Lead toys from a Roman tomb

The Romans shaped lead into a host of items, including these toys from the tomb of a second-century ad Roman girl. Smelting of the metal left its mark on Alpine ice. Credit: De Agostini/Getty


Lead from Roman mines pollutes ancient Alpine ice

A Mont Blanc glacier core also contains antimony from smelting carried out two millennia ago.

Lead from the Roman era pollutes ice buried deep in an Alpine glacier, providing some of the oldest evidence that mining and smelting during the period spread environmental contaminants across Europe.

A team led by Suzanne Preunkert at the University of Grenoble–Alps in France measured lead and antimony levels in an ice core taken from the Alps’ highest mountain, Mont Blanc, which straddles the French–Italian border. The oldest ice in the core dates to about 5,000 years ago.

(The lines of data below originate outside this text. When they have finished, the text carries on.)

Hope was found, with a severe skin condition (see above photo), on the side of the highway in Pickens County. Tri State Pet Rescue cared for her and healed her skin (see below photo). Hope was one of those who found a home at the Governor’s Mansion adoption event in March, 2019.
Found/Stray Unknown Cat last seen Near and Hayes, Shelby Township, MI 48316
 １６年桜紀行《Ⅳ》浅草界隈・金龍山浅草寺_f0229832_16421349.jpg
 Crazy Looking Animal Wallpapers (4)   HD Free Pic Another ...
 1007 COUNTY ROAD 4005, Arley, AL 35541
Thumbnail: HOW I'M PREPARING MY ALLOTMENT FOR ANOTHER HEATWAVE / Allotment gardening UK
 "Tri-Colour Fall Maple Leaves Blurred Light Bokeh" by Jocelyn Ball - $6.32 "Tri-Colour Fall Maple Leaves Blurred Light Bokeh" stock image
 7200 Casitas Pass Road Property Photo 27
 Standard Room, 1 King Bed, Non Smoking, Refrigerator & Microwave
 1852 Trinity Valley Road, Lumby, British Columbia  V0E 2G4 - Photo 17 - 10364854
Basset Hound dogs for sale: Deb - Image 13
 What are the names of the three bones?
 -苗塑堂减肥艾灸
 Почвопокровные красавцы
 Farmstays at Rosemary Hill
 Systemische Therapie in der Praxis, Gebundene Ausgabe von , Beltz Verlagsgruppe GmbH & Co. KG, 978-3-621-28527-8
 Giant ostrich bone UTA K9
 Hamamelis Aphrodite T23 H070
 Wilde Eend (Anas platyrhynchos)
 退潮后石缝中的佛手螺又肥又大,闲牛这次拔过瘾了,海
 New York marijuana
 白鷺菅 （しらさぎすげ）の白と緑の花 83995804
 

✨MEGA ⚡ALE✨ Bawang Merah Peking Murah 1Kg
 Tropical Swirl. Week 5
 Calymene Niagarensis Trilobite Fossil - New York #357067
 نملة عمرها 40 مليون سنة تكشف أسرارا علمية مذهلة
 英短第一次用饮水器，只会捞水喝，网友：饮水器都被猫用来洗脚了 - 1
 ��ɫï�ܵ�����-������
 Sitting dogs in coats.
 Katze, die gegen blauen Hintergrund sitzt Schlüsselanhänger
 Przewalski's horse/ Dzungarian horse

Lead levels in the core peak twice in antiquity, once in about the second century bc, when the Romans were expanding their territory, and then again in around ad 120, when the empire was flourishing. Levels of the metal were at least 10 times background levels, suggesting that the mining and smelting of lead spread the contaminant across much of Europe. The Romans used lead for pipes, among other items.

Levels of antimony, an element that is often found in lead ore, increased at about the same time as lead concentrations did — suggesting that early Europeans were breathing in a mix of heavy metals.